No history this time, folks; just a story. A story of a time when entertainment wasn’t on tap, when anyone wanting to watch a movie either had to go to the cinema (ew), wait for it to be shown on tv (double ew) or head down to that ghost of the recent past, the video shop.

Yes, the video shop. That popcorn scented, perennially 1994 fortress of all things rewindable. Rest in peace, you beautiful icon.

Limited copies of each film encouraged either sharing and generosity or outright violence. If you and that neighbour you were feuding with both wanted to hire the one copy of Dunston Checks In, it was on for young and old. If your sleepover lived or died by whether or not Scream 2 could make an appearance, you were sweating the entire way to the horror section. In fact, many kids sweated their way through the horror section every time anyway, adorned as it was by some of the freakiest and most confronting video box artwork around.
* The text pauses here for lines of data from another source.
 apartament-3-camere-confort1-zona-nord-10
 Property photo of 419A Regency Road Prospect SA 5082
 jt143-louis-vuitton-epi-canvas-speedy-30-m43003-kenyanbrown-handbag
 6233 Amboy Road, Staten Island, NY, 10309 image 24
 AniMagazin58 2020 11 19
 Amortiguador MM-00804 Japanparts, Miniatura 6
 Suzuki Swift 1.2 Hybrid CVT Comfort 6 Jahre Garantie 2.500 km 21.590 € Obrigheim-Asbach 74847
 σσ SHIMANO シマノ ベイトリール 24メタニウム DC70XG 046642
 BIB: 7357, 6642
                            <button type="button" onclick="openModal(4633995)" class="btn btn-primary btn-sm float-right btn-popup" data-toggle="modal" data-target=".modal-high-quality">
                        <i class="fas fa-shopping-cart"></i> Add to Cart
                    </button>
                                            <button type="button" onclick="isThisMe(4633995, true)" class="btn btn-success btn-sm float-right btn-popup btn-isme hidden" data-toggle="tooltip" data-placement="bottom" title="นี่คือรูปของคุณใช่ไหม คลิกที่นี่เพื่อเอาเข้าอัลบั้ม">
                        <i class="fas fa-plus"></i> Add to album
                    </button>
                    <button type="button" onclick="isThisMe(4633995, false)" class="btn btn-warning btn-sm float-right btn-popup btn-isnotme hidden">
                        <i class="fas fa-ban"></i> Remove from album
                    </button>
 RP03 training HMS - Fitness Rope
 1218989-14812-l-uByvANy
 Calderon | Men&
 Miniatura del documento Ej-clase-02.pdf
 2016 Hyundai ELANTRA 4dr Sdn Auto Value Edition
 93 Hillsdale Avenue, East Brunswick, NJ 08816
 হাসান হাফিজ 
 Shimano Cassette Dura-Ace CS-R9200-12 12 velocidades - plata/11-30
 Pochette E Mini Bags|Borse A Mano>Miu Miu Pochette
But we’re here to talk about one video shop in particular: Video Revesby. Too cheap to join the Video Ezy conga line, VR simply borrowed the homophonic melody of its name and hoped no one would think too hard about it. It was Revesby, no chance of that.

And when I, one of the great non thinkers of his time, wandered in on a rainy Sunday afternoon to rent Alien, names lost all meaning. The Movietime aroma, wide eyed glares from the horror tapes and the cacophony coming from the arcade room overwhelmed my senses.

I started towards the horror section, determined to end the trilogy which for me had begun with Channel 10’s showing of Alien 3 weeks before, followed closely by multiple viewings of another video shop’s copy of Aliens to the point of risking the tape’s structural integrity. Would the answers to my many questions be locked within the strangely-white-and-not-transparent video case before me?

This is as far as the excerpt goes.